For NLP tasks, this ablation substantially decreases the model's ability to benefit from examples, bringing few-shot ICL performance close to that of zero-shot prompts.
- Score: 0.0
- License: http://creativecommons.org/licenses/by/4.0/
- Abstract: Large language models (LLMs) have shown a remarkable ability to learn and perform complex tasks through in-context learning (ICL). However, a comprehensive understanding of its internal mechanisms is still lacking. This paper explores the role of induction heads in a few-shot ICL setting. We analyse two state-of-the-art models, Llama-3-8B and InternLM2-20B on abstract pattern recognition and NLP tasks.
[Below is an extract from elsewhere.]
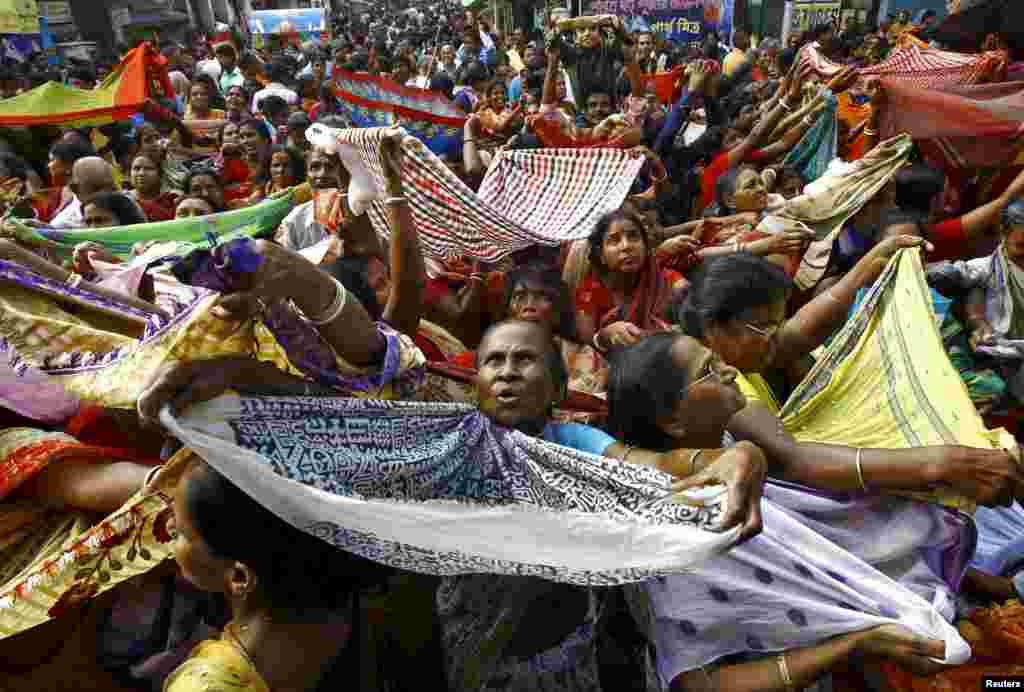Hindu devotees hold up scarves to receive rice as offerings being distributed by the temple authority on the occasion of the Annakut festival in Kolkata, India.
Our results show that even a minimal ablation of induction heads leads to ICL performance decreases of up to ~32% for abstract pattern recognition tasks, bringing the performance close to random. For NLP tasks, this ablation substantially decreases the model's ability to benefit from examples, bringing few-shot ICL performance close to that of zero-shot prompts. We further use attention knockout to disable specific induction patterns, and present fine-grained evidence for the role that the induction mechanism plays in ICL.